Whenever I play with Parliament - not just as England - I always prioritize giving the seats to provinces with gold, latent coal, and my best trade goods for that production efficiency boost.
 
Whenever I play with Parliament - not just as England - I always prioritize giving the seats to provinces with gold, latent coal, and my best trade goods for that production efficiency boost.

The coal comes online so late in the game I'm not sure if handing out Parliament seats to future coal provinces makes sense as England. There are grassland/cloth/COT provinces that will benefit from the seats for centuries before coal.
 
REVISION/UPDATE (after more experimenting!)

In my initial guide I advised building barracks/church/workshop in all cloth/farmland/grassland/COT provinces. This is probably bad advice. Here is a simpler TLDR of the original post with some adjustments.

Build Marketplaces in COTs unless you have very high trade power everywhere. For tall play, I would upgrade all COTs to lvl 2 and your best ones to lvl 3 (not for the trade power, for the building slot and dev cost reduction).

Build Barracks/Soldier's Households in grain, fish, wine and livestock provinces, prioritizing those with cheaper development (farmland/grassland/parliament etc). Dev manpower as much as possible in these provinces. Dev tax if you have hit maximum manpower development. In your particularly high dev manpower provinces, you might as well build churches as to get extra tax.

Build Workshop/Manufactories in cloth, iron, copper, salt and other reasonably valuable trade goods (goods valued 3 or more IMO). Do this in COT/farmland/parliament/grassland and especially cloth provinces first. Dev production as much as possible in these provinces. Dev MIL if you hit a maximum with DIPLO development.

Churches are useful in the early game. I would build one in the capital and any provinces that start with a particularly high tax value, but once you've built those, I would prioritize barracks and workshop in almost any case except a tax income gain of .15 or more. Later on you might as well build more as building slots allow in provinces with this income gain value. While they will pay off in the long run, there's little advantage to stacking ADM dev points on particular provinces. ADM points should just prop up MIL points in your manpower provinces.

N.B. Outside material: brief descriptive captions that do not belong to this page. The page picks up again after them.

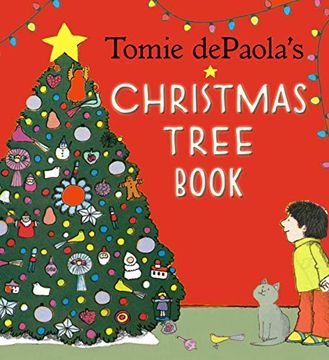 portada Tomie Depaola's Christmas Tree Book (in English)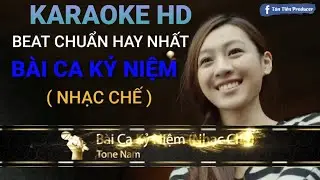 [ KARAOKE HD ] BÀI CA KỶ NIỆM ( NHẠC CHẾ ) //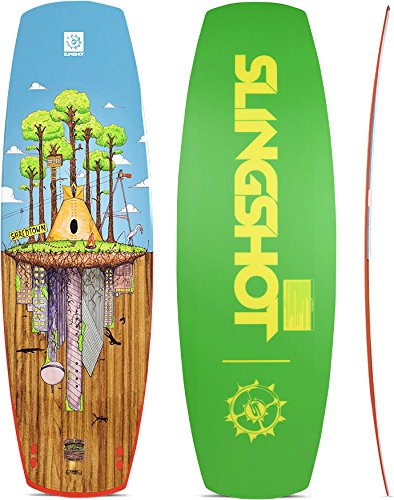 Algopix Similar Product 3 - Slingshot Sports 2018 Shredtown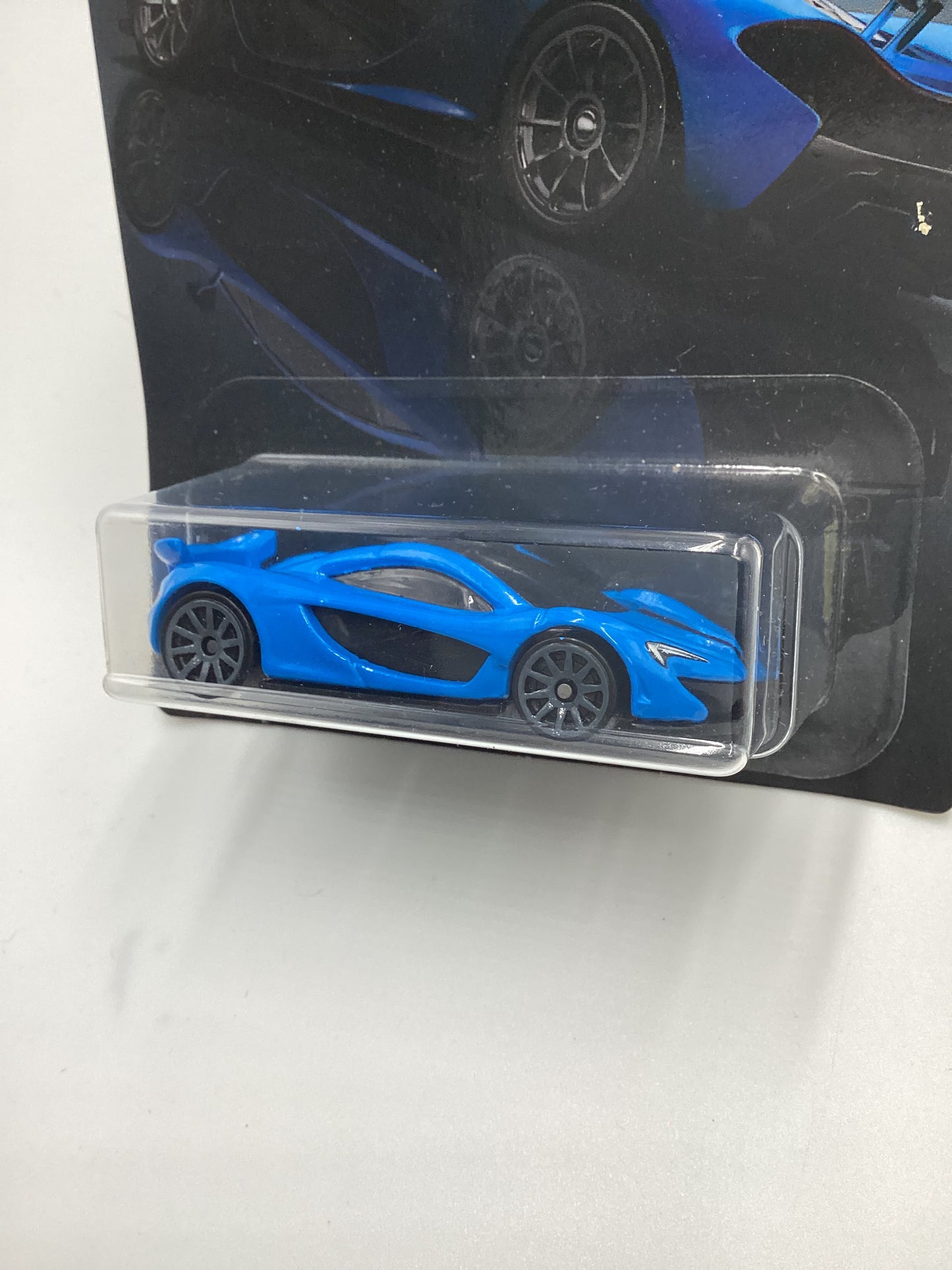 2019 Hot Wheels Exotics Series #4 McLaren P1 154A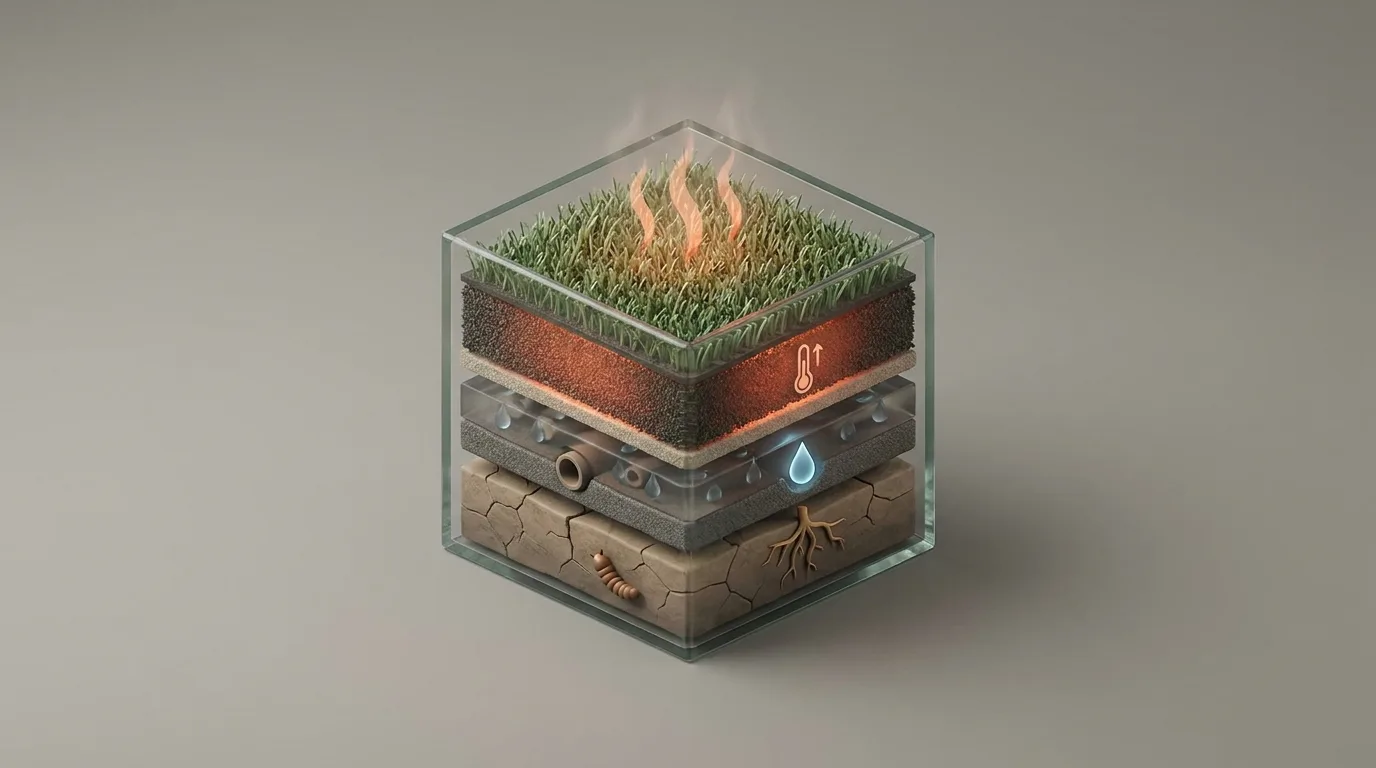 Featured image for Measuring the Real Artificial Turf Environmental Impact on Land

Build Shipyards in your best production provinces with high dev and lots of building slots. Recruitment time for ships is determined by DIPLO dev, and faster build times are worth it IMO. Obviously you should only do this if the building slots are not more useful for something more important.. London, for example, can usually fit a shipyard, once the marketplace, church, courthouse, workshop and textile manufactory are all built, but only then.

Build Docks in your highest development fish provinces only if you need more sailors, which you likely will if you are a large colonial nation. I have found it better to pick one (or maybe two) provinces with Docks and Impressment offices, rather than docks all over the place. Base sailors is modified by total development, so concentrating these buildings in one or two very high-dev fish provinces pays off more than spreading them around.

Courthouses are worth it when the income gain is .10 or more.

Regimental camp and state house (one per state, never in capital state) should go in wool or naval supplies provinces, as these goods are not good for manpower/production values. Only build as needed.